Moderne Musik, zeitgenössische Werke, neue Konzepte, das ist alles enorm wichtig. Aber es ist nur eine Seite unserer Musiklandschaft. Als Deutsche Radiophilharmonie versuchen wir, wie übrigens die meisten Symphonieorchester, die gesamte Bandbreite abzudecken. Also von Bach und Haydn hin zu den Komponisten von heute, denen man selbstverständlich unbedingt eine Bühne geben muss. Ich muss allerdings zugeben, dass mein Hauptfach die spätromantische Musik ist. Da fühle ich mich wohl, da bin ich zu Hause. Generell ist es aber eines sehr wichtig:  Wir Musiker müssen offen für alles bleiben. Und z.B. auch die Erkenntnisse der historischen Aufführungspraxis in unsere Arbeit mitaufnehmen und sie gegebenenfalls an ein modernes Symphonieorchester anpassen. Zudem müssen wir uns auch immer wieder dem Konzertalltag anpassen.

Sie hatten vorher die Corona-Pandemie angesprochen. Wie weit wurde die Musikwelt dadurch verändert?

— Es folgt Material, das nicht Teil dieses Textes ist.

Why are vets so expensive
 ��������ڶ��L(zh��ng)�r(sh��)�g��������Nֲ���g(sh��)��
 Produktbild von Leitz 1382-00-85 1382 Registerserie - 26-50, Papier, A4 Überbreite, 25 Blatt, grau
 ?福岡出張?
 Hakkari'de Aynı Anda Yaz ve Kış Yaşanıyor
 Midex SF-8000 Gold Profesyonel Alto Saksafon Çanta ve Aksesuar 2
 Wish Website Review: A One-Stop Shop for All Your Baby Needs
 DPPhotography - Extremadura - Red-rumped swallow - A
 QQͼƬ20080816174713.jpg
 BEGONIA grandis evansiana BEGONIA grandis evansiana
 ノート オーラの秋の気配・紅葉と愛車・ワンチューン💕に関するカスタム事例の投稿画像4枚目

Vieles hat sich seither verändert, sowohl im Negativen wie auch im Positiven. Leider bleiben viele Leute jetzt zu Hause, haben Angst vor der Masse und haben so das Live-Erlebnis gegen Streaming oder DVD-Aufnahmen eingetauscht. Ich persönlich finde das sehr schade, denn  Musik ist nur live wirklich echt. Und an einem reellen Konzert mit Publikum und Musikern teilzunehmen, ist immer eine bereichernde und unwiederholbare Erfahrung. Auf der anderen Seite sind wir alle flexibler geworden. Wir können und müssen uns einfach schneller anpassen. Der rückläufige Verkauf der sogenannten Abonnements zeigt es uns. Die Leute entscheiden sich im letzten Moment, on sie ein Konzert besuchen oder nicht. Und auch wir Musiker mussten durch Corona lernen, noch flexibler zu sein, in letzter Minute Programme zu ändern, schnell etwas anderes zu lernen und zu spielen. Plötzlich konnte man ein Konzert doch nicht mit den Bläsern, sondern nur mit den Streichern spielen, oder Konzerte fielen ganz aus und wurden verlegt, Programme kurzfristig geändert, ja auch die Sitzordnung der Musiker im Orchester musste immer wieder neu angepasst werden. Die wahren Helden der Pandemie im Konzertbetrieb aber waren die Bibliothekare, die oft das Unmöglichste leisteten und in letzter Minute Material hervorzaubern mussten, damit wir die richtigen Partituren schnell zur Hand hatten. Ohne sie hätten sehr viele Konzerte überhaupt nicht stattfinden können.